EXERCISE AIM :: Below is a block of entries; repeat exactly the lines starting at the line that contains "Roland RSH-10 V-Drums smartphone holder Roland" and ending at the line that contains "Location salle Gravon", both included.

━━ SOURCE DATA

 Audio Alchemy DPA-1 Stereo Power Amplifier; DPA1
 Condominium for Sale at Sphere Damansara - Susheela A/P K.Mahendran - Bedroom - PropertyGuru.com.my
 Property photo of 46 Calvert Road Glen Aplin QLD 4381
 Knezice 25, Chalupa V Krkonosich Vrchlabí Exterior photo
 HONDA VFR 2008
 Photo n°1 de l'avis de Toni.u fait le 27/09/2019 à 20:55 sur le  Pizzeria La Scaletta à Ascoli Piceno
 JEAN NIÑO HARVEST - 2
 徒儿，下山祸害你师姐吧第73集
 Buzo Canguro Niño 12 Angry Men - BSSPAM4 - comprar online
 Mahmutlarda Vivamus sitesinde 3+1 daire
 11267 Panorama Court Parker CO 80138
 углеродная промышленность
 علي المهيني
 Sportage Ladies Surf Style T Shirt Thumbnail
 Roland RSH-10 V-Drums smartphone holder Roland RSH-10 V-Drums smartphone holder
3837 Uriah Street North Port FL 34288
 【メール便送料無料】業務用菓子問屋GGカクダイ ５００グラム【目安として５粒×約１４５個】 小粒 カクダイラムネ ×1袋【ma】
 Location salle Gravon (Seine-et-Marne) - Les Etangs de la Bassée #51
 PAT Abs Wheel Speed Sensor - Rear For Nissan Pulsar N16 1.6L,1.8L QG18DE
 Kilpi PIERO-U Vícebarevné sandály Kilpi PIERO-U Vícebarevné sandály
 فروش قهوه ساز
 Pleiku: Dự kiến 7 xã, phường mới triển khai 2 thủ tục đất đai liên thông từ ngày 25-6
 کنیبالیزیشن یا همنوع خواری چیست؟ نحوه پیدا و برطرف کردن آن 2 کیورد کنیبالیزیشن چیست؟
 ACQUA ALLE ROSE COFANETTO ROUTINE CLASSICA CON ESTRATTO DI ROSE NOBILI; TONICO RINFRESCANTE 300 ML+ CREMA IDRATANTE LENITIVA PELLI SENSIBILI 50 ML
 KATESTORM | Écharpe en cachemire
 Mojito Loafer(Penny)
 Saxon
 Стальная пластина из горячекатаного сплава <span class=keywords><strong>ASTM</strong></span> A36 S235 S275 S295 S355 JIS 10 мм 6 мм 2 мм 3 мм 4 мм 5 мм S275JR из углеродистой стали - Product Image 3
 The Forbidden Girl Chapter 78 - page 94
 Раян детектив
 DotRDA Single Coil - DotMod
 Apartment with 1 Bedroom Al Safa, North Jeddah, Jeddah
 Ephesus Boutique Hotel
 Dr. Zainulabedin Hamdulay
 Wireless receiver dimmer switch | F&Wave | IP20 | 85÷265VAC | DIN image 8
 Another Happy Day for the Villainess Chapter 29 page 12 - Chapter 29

━━━━

REPLY ::
 Roland RSH-10 V-Drums smartphone holder Roland RSH-10 V-Drums smartphone holder
3837 Uriah Street North Port FL 34288
 【メール便送料無料】業務用菓子問屋GGカクダイ ５００グラム【目安として５粒×約１４５個】 小粒 カクダイラムネ ×1袋【ma】
 Location salle Gravon (Seine-et-Marne) - Les Etangs de la Bassée #51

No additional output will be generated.